TASK TO COMPLETE. Would you print the records below word for word, without the pictures?
Segment Open
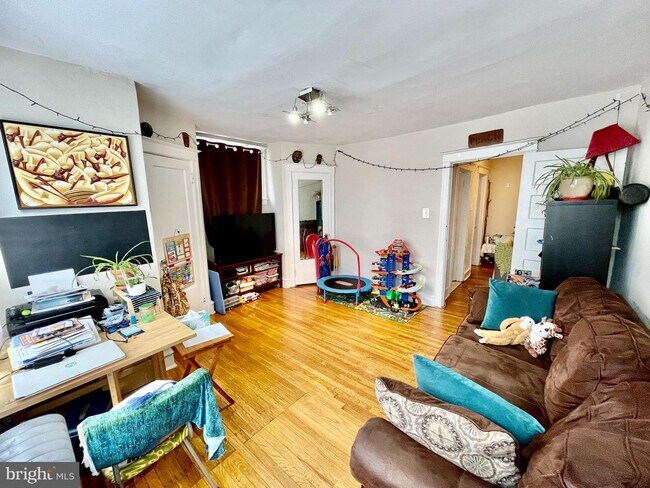 Building Photo - 3213 N 33rd St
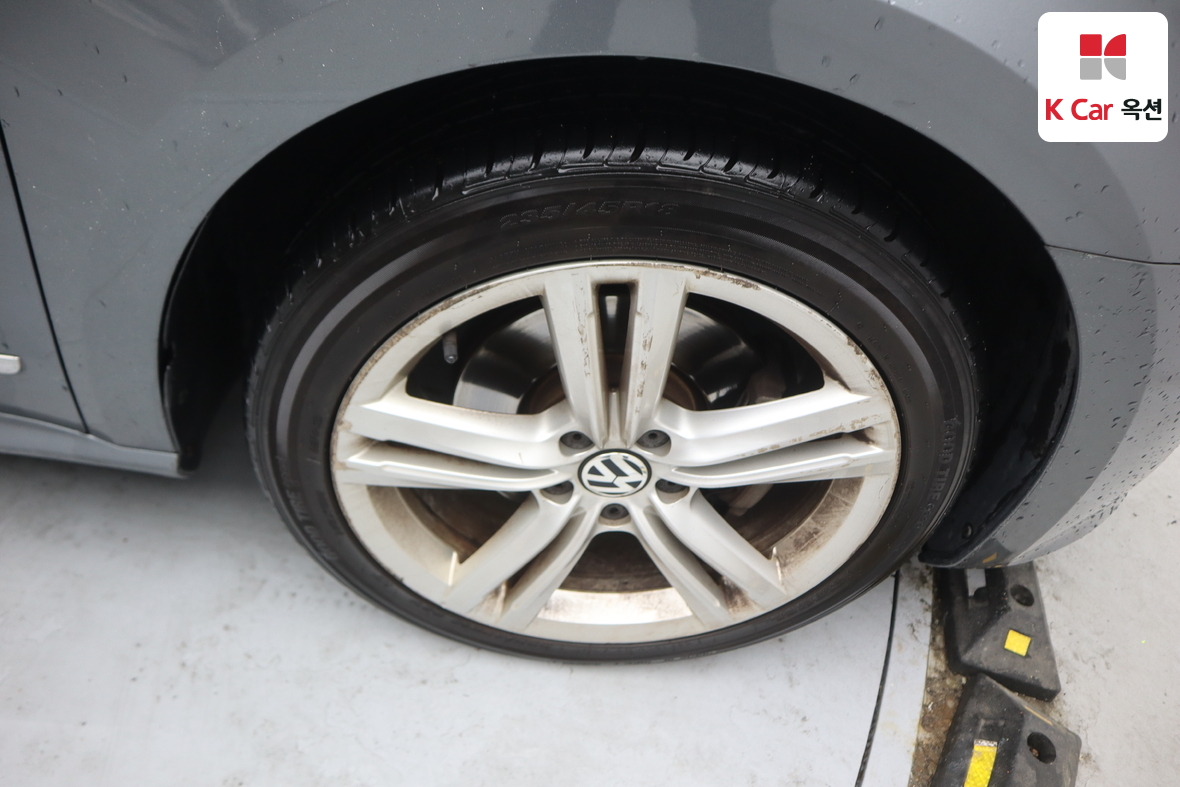 Volkswagen Passat - 45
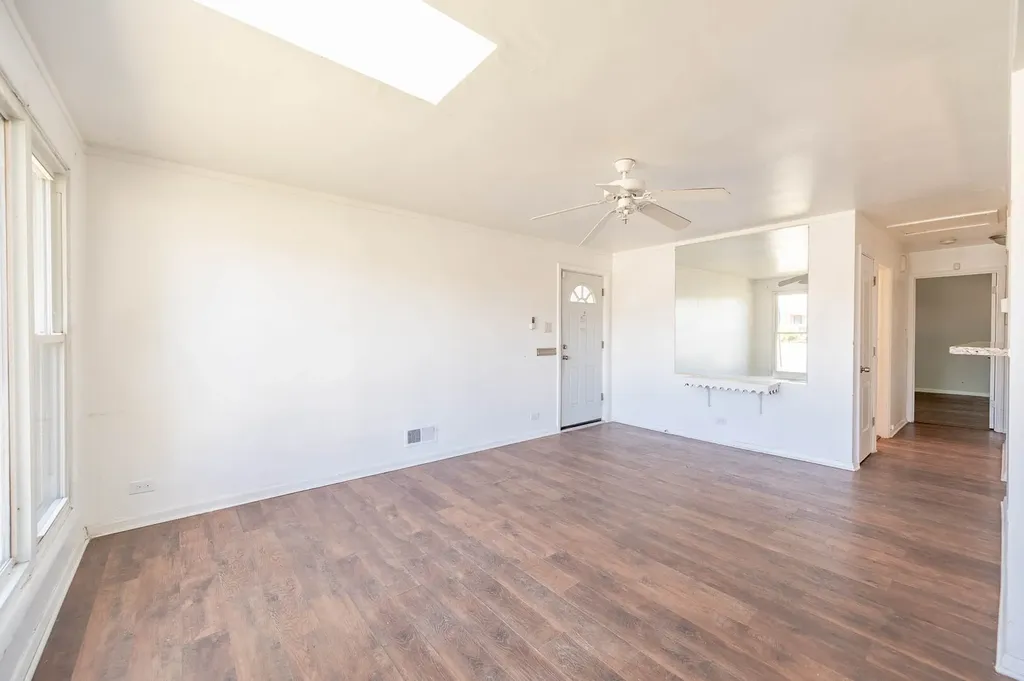 9217 South Burnside Avenue Chicago IL 60619
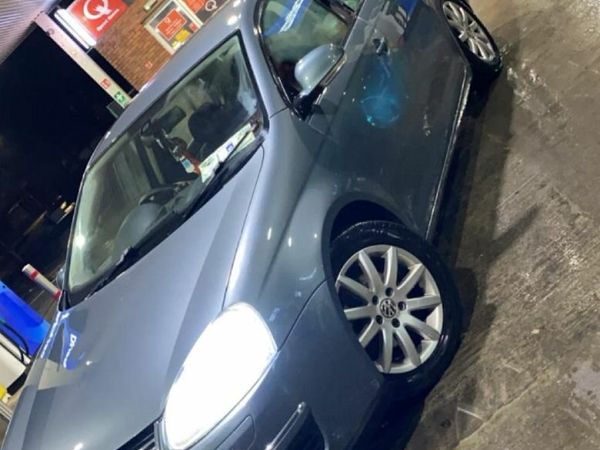 Volkswagen Jetta Saloon, Diesel, 2008, Grey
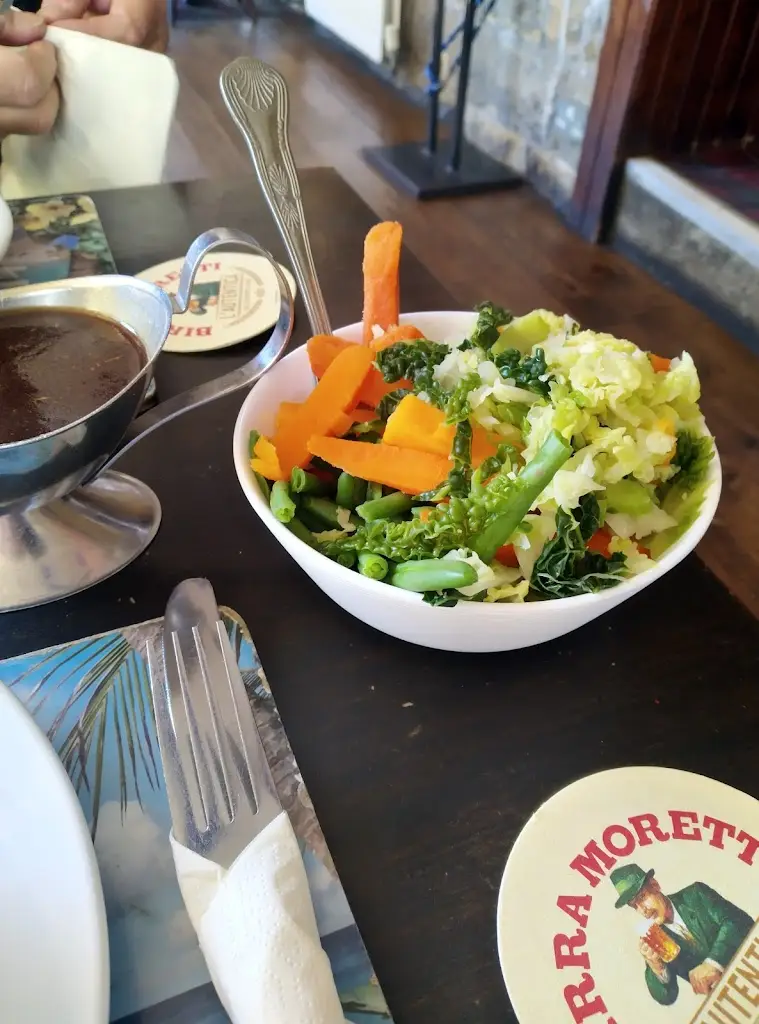 dee_Three Jolly Sailors_Burniston_review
Segment Closed
ANSWER TO THE PROBLEM.
 Building Photo - 3213 N 33rd St
 Volkswagen Passat - 45
 9217 South Burnside Avenue Chicago IL 60619
 Volkswagen Jetta Saloon, Diesel, 2008, Grey
 dee_Three Jolly Sailors_Burniston_review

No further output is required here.